His prose had a natural grace of its own,

And enough of it, too, if he'd let it alone;

But he twitches and jerks so, one fairly gets tired,
And is forced to forgive where he might have admired;
Yet whenever it slips away free and unlaced,

It runs like a stream, with a musical waste,
And gurgles along with the liquidest sweep:-
'Tis not deep as a river, but who'd have it deep?
In a country where scarcely a village is found
That has not its author sublime and profound,
For some one to be slightly shoal is a duty,

And Willis's shallowness makes half his beauty.

It is in fact just the style for his public-the public of magazine-readers, railway students, first-of-the-month folks-who gallop through an article of smooth trim surface as swiftly as Camilla scours the plain, but who are not equal to your cross-country work, and are, after all, most at home when ambling along macadamised road and wooden pavement.

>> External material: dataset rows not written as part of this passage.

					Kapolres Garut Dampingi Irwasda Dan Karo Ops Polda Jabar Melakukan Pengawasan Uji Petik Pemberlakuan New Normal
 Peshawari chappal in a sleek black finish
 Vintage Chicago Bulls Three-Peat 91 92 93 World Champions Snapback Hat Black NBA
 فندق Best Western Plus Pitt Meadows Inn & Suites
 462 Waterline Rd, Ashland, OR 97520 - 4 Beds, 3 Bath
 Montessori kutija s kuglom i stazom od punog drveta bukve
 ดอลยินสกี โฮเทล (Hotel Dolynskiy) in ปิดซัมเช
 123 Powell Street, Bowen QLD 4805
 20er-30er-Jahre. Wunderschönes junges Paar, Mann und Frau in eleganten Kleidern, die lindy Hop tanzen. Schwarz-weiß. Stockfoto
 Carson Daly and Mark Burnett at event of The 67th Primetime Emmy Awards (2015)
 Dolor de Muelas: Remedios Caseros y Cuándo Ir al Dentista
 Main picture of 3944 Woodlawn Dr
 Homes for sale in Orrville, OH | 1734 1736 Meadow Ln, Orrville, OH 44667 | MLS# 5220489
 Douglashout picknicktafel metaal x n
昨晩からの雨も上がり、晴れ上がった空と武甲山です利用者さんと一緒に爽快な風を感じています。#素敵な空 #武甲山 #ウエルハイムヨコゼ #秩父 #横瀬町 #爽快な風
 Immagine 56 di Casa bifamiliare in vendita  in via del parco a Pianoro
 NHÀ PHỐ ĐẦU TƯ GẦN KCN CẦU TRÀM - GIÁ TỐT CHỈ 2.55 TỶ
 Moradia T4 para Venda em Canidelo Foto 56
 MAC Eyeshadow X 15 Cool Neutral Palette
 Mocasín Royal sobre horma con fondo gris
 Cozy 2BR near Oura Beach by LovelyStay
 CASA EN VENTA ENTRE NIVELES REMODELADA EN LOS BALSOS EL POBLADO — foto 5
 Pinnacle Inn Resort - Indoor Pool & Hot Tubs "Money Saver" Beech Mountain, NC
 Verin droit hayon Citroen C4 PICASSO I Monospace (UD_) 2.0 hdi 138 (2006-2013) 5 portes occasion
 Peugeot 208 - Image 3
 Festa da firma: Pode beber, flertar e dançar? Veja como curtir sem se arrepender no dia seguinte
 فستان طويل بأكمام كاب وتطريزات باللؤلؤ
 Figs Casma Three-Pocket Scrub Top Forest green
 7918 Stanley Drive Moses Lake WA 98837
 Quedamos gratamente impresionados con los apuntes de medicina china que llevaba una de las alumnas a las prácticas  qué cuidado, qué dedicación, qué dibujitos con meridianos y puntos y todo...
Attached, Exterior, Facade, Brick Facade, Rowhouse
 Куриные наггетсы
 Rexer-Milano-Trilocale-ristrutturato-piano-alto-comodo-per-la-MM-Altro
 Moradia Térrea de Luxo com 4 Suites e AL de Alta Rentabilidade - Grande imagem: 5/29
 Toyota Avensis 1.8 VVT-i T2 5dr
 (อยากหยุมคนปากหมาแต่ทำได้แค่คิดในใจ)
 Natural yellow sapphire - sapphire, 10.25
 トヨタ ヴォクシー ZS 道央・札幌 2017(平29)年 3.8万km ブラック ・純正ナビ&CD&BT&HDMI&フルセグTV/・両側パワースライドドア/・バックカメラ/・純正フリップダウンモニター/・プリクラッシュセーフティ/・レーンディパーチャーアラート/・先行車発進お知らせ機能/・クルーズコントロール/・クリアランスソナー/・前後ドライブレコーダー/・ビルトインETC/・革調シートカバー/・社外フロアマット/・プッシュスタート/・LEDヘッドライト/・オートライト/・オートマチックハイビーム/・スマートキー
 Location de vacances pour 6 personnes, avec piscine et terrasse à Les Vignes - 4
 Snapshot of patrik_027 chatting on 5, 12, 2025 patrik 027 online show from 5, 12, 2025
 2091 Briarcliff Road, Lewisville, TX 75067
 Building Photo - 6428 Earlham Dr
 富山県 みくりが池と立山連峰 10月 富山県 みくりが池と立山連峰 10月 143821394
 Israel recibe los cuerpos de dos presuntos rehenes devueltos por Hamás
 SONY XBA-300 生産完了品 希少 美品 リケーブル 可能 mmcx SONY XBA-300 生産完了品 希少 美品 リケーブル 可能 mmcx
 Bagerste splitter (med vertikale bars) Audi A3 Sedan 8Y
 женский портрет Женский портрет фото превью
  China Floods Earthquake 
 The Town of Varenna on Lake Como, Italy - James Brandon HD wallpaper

* After declaring that Willis's nature is

"A glass of champagne with the foam on't,

As tender as Fletcher, as witty as Beaumont,"

Mr. Lowell adds, what would read as well without the questionable comparison with our dramatic Dioscuri,

"So his best things are done in the flush of the moment;

If he wait, all is spoilt; he may stir it and shake it,

But, the fixed air once gone, he can never re-make it."